Desceu ao piso inferior, buscou o médico do salão principal para tratar o ferimento, e só então saiu calmamente pela porta.

Na fria e silenciosa rua Huai Shan, alguns patrulheiros de uniforme negro e chapéu escuro passavam diante do salão, conversando e rindo, os lampiões ambarinos pendendo de suas mãos. Do outro lado, um grupo de homens, vestidos com uniformes cinzentos de fábrica, sentados nos degraus, embriagados, discutiam assuntos obscuros.

— Há uma fábrica de roupas aqui perto, especializada em sobretudos e casacos acolchoados.

Um aluno masculino saiu pela porta, casualmente lançando a observação ao notar o traje civil de Galon.

— Irmão, tão tarde e ainda por aqui para treinar? Precisa de uma carona?

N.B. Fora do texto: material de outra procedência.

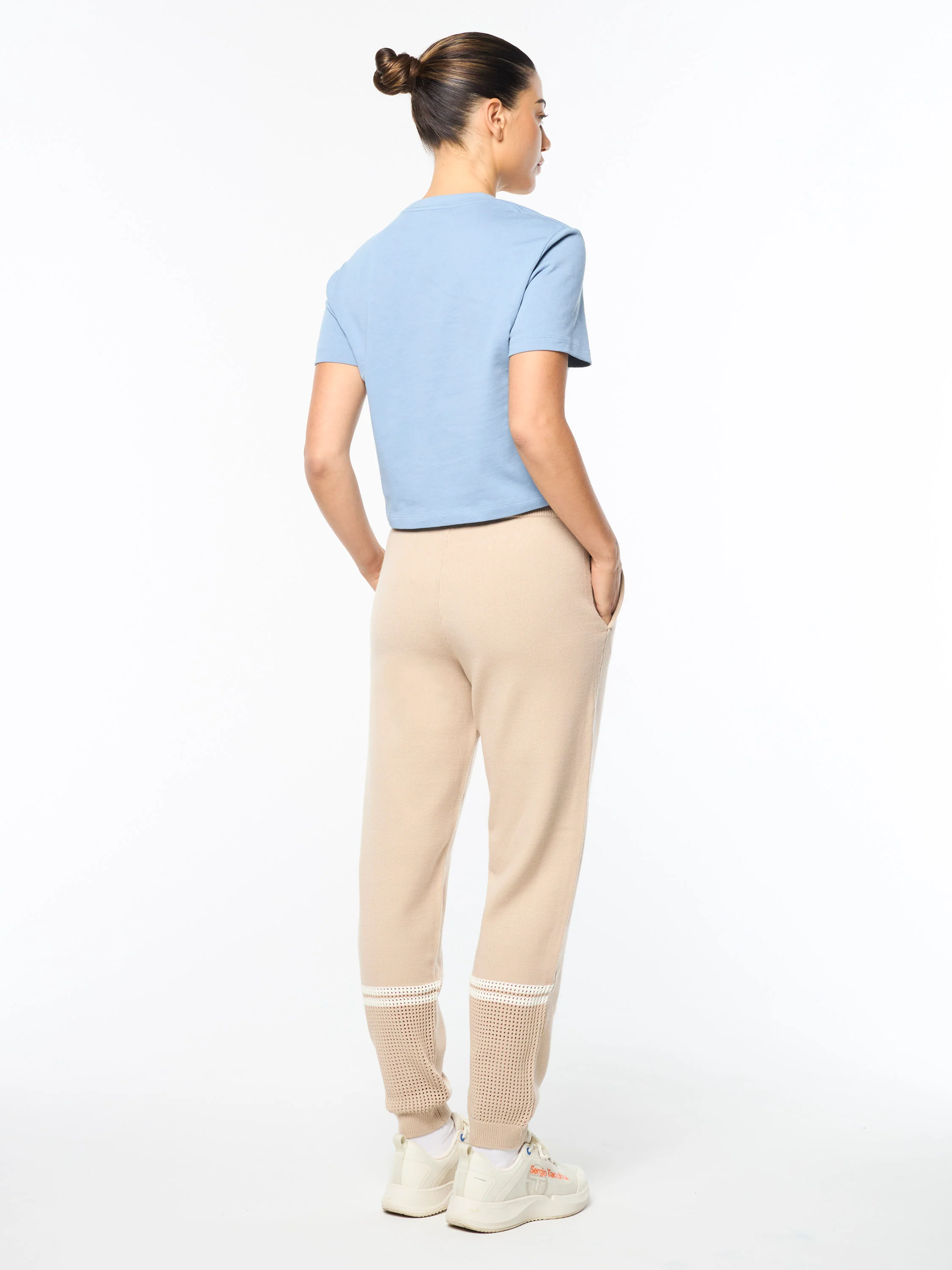 Zeta Track Pant- Humus - Image 5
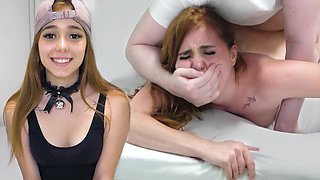 POV - Your Neighbors Wife Is Home Alone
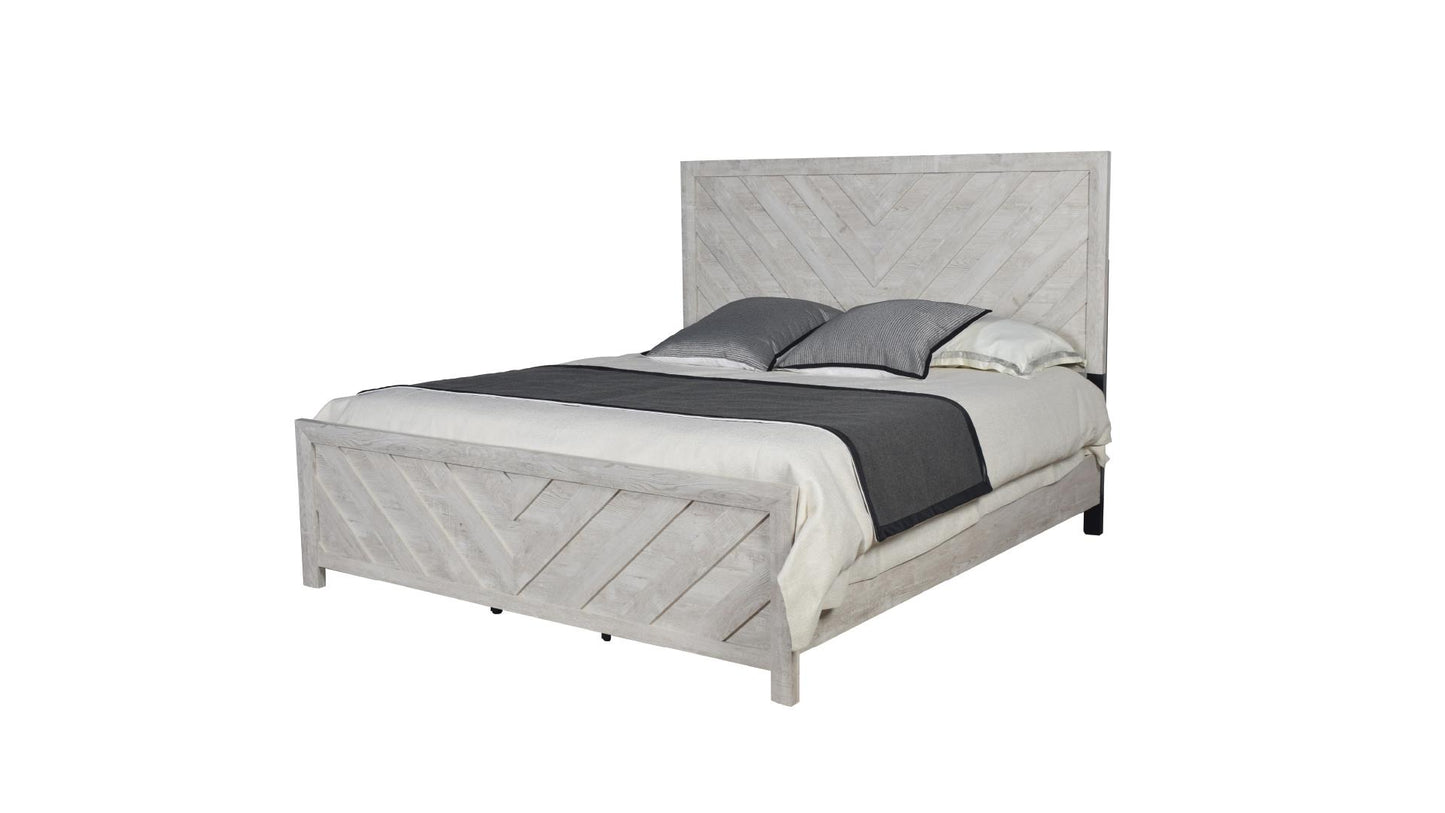 DENVER QEEN BED DRESSER MIRROR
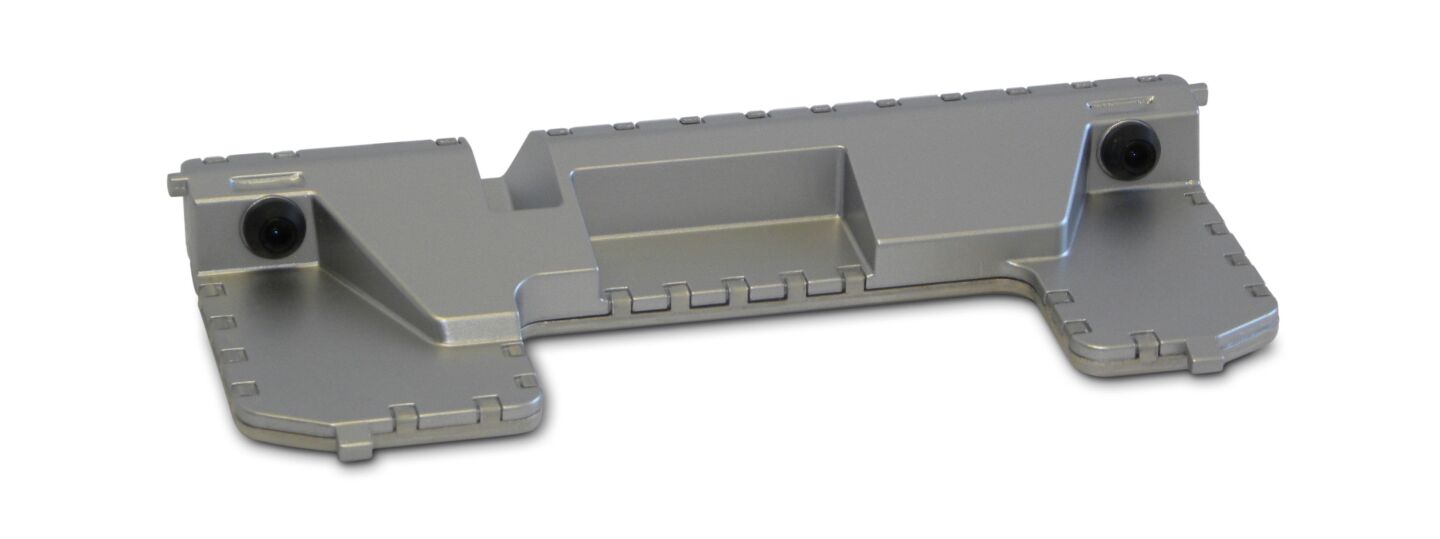 The new ContiGuard stereo vision housing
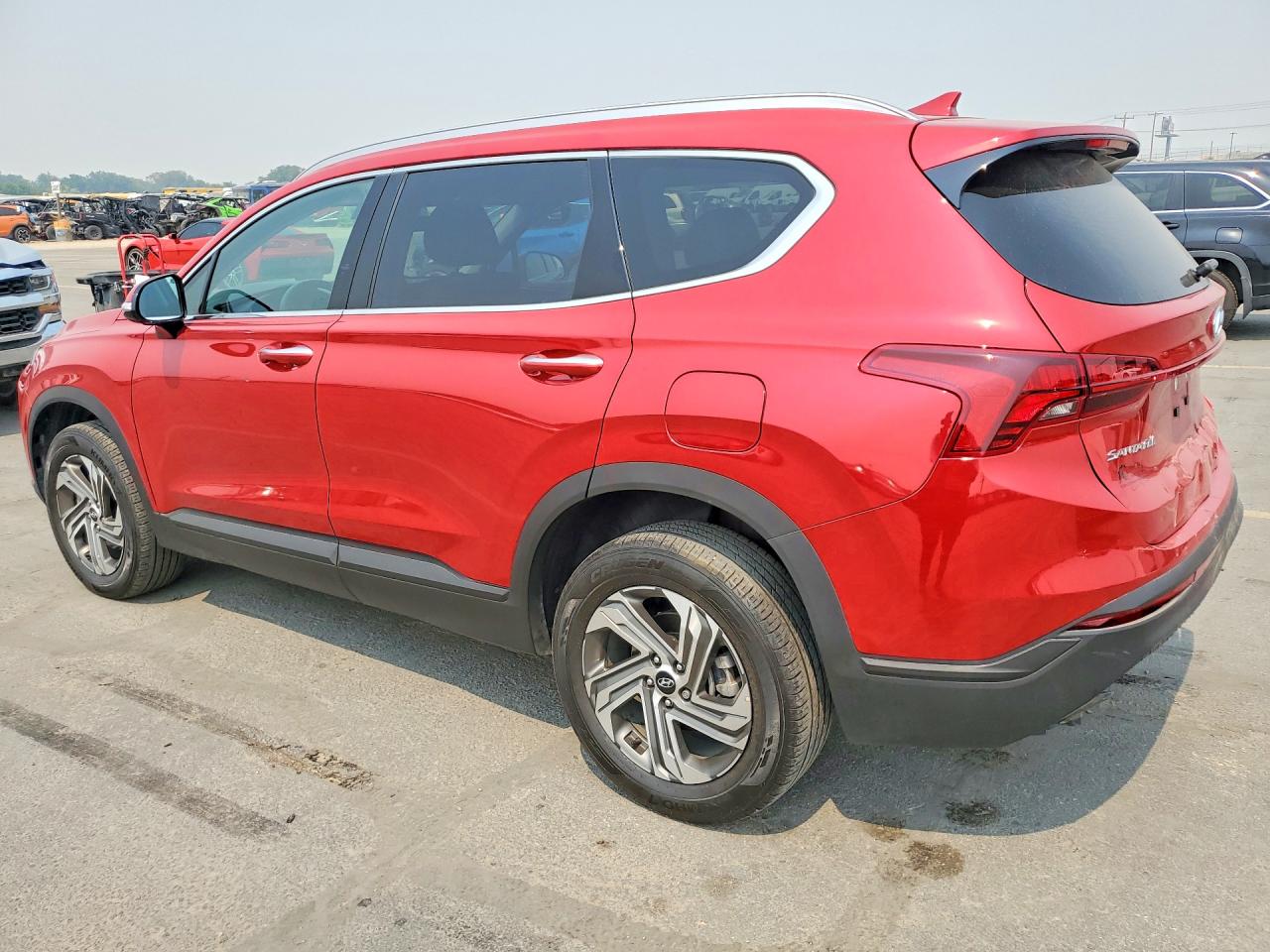 2023 HYUNDAI SANTA FE SEL — снимка 2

— Não, obrigado. Alguém me espera. — Galon sorriu, indicando um carro preto estacionado à frente. O vidro se abaixou, revelando o belo rosto de Grace.

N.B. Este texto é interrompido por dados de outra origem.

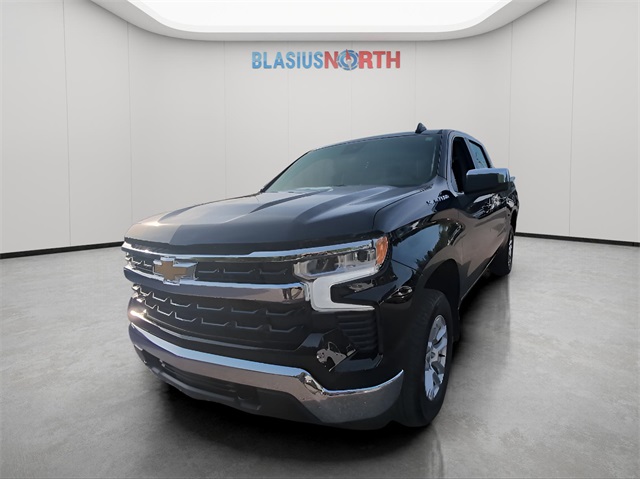 2022 Chevrolet Silverado 1500 LT Crew Cab 4WD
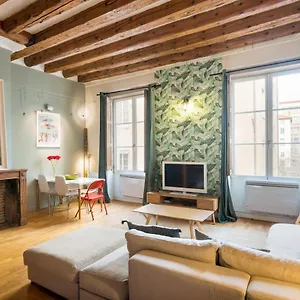 Honore - Amboise Apartment Lyon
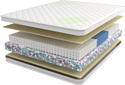 Mr. Mattress Vita L 200x190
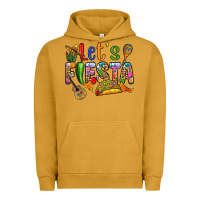 Pigment Peanut Butter Let's fiesta Urban Hoodie - RanaPortraitStore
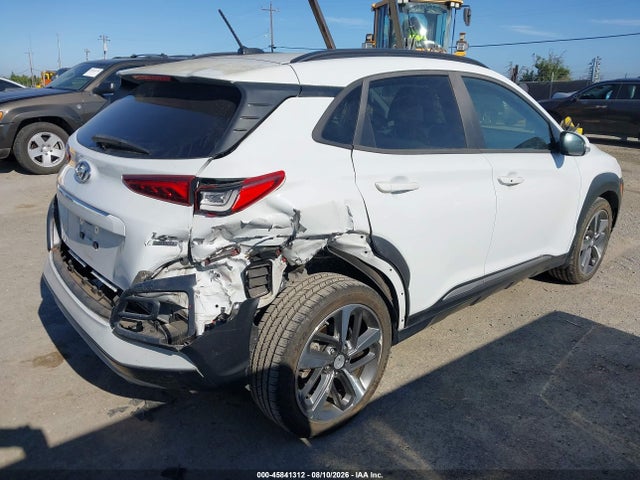 Hyundai Kona Limited 2018 KM8K3CA59JU147385 Image 4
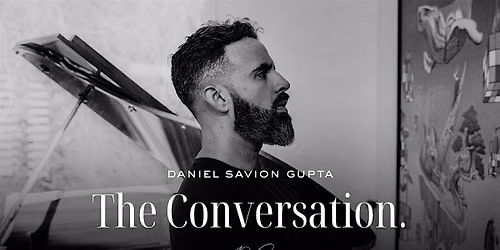 Impact Evening: Founder's Talk with Daniel Gupta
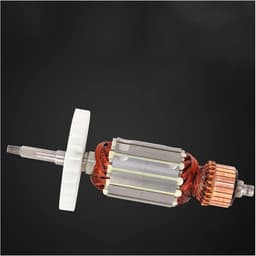 Industriële Stofzuiger - Blazer Zuiger - Werkplaats Reinigen - Krachtige Zuigfunctie - 11.2 cm Ventilator - Grijs — thumbnail 3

— Nada mal! — o aluno soltou um riso, bateu levemente no ombro de Galon e partiu em direção a outro veículo.

Grace desceu do carro e se aproximou.

— Galon... — hesitou, sem saber como dirigir-se a ele.

— Pode me chamar pelo nome. — Galon deu de ombros. — Vamos, leve-me para casa. No caminho, quero ouvir em detalhes sua situação.

— Se for do seu agrado, qualquer compensação será concedida! — Grace compôs um semblante de comovente vulnerabilidade. — Diante do mestre, não pude explicar, mas a verdade é que nem todos os objetos antigos retirados foram obra nossa. Em Huai Shan, além de nós, uma outra empresa disputa esses itens.

— Não se apresse, conte-me tudo com precisão.

Grace observou o rosto de Galon, aliviando-se ao perceber que não havia sinais de irritação.

Entraram no automóvel, fecharam a porta, e Grace pôs o veículo em movimento. O carro antigo avançou vagarosamente pela noite. O rugido do motor preenchia o ambiente; Galon, no banco do passageiro, contemplava a rua noturna que se afastava, silencioso.

O aroma sutil de perfume de Grace infiltrava-se em seu olfato, enquanto os postes de luz desfilavam, projetando sombras sobre seu rosto; a emoção inicial dava lugar a uma serenidade crescente.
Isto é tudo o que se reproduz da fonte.